Stored data entries |
====================

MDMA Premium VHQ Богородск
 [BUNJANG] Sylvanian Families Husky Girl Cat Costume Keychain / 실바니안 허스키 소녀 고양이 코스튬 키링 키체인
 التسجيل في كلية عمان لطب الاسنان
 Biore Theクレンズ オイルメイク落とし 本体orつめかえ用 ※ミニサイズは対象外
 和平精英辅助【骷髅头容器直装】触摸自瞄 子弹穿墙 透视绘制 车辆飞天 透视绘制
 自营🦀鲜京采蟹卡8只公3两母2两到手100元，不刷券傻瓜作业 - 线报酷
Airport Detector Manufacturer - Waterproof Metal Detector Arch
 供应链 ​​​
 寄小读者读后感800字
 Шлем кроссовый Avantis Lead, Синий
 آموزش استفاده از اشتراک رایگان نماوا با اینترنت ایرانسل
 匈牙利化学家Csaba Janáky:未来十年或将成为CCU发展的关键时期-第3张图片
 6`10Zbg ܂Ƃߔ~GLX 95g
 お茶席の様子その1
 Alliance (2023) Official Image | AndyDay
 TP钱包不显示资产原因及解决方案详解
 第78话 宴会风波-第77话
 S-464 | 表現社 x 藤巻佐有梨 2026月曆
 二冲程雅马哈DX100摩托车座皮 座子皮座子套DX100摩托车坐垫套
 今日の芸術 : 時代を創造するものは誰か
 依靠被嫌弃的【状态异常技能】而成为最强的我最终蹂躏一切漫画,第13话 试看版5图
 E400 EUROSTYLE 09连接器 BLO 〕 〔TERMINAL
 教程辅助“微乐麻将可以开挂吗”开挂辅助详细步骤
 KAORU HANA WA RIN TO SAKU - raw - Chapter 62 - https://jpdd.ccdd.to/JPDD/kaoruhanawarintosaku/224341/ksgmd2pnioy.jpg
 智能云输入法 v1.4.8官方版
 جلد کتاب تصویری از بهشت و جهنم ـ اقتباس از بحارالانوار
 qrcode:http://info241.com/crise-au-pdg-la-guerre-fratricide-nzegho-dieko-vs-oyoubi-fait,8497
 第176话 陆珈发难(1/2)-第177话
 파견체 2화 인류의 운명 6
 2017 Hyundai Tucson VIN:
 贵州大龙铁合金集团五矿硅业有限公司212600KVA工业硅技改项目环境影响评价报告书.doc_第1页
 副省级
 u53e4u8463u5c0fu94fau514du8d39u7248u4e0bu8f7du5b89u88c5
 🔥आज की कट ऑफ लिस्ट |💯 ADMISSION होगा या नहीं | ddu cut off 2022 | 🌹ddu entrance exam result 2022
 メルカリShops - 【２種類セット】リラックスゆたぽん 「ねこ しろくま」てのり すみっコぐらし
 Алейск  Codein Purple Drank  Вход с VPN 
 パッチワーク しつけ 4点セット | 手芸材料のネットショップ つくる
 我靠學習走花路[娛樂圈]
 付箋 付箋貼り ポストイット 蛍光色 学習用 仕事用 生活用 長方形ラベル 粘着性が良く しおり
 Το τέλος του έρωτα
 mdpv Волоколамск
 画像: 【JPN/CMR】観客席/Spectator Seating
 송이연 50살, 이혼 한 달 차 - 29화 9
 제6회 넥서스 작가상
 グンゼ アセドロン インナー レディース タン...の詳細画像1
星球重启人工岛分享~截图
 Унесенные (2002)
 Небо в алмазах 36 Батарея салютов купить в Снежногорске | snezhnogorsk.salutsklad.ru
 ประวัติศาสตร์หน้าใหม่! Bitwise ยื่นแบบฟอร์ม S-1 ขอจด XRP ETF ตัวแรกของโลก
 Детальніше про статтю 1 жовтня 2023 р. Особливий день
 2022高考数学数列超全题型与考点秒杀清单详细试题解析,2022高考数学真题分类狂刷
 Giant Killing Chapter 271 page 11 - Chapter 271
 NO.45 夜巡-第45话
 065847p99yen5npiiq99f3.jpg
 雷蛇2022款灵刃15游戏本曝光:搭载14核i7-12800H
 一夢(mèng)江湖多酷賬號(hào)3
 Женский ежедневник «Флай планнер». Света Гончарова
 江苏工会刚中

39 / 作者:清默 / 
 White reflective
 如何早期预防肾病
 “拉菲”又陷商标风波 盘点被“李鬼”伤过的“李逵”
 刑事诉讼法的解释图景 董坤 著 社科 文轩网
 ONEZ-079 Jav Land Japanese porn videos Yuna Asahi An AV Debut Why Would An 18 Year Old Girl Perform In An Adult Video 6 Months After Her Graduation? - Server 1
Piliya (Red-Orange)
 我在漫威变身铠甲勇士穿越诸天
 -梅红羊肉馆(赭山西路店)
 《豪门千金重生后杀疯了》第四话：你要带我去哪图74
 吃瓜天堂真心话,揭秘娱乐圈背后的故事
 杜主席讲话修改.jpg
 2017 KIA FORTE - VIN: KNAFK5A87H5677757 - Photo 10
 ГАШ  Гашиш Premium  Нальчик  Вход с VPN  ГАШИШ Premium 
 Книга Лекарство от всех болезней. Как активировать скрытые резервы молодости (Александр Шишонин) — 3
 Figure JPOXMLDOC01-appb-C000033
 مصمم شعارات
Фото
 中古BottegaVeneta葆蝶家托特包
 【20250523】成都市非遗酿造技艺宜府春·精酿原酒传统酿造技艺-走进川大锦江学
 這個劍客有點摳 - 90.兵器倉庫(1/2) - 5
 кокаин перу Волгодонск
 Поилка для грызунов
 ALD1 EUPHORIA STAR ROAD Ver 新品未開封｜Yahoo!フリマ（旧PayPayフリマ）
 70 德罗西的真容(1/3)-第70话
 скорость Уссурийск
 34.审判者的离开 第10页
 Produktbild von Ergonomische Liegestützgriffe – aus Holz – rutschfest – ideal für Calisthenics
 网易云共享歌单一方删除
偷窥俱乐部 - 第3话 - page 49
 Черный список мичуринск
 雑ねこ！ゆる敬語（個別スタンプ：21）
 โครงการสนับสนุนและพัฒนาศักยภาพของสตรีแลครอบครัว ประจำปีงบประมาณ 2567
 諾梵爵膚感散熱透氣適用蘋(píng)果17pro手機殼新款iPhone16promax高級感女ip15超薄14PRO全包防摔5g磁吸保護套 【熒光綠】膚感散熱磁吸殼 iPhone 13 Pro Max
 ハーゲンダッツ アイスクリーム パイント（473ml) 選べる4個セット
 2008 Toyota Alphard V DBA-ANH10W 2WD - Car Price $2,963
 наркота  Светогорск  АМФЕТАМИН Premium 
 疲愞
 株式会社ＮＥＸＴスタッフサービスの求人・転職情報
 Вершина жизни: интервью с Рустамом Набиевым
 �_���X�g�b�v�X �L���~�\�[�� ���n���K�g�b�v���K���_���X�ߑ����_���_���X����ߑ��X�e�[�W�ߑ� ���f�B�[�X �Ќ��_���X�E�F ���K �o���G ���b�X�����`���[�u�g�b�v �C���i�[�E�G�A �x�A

====================

Work to complete | All lines from the beginning of the entries through the line marked "Шлем кроссовый Avantis Lead, Синий" are to be output exactly; nothing else belongs in the answer.

Exercise answer |
MDMA Premium VHQ Богородск
 [BUNJANG] Sylvanian Families Husky Girl Cat Costume Keychain / 실바니안 허스키 소녀 고양이 코스튬 키링 키체인
 التسجيل في كلية عمان لطب الاسنان
 Biore Theクレンズ オイルメイク落とし 本体orつめかえ用 ※ミニサイズは対象外
 和平精英辅助【骷髅头容器直装】触摸自瞄 子弹穿墙 透视绘制 车辆飞天 透视绘制
 自营🦀鲜京采蟹卡8只公3两母2两到手100元，不刷券傻瓜作业 - 线报酷
Airport Detector Manufacturer - Waterproof Metal Detector Arch
 供应链 ​​​
 寄小读者读后感800字
 Шлем кроссовый Avantis Lead, Синий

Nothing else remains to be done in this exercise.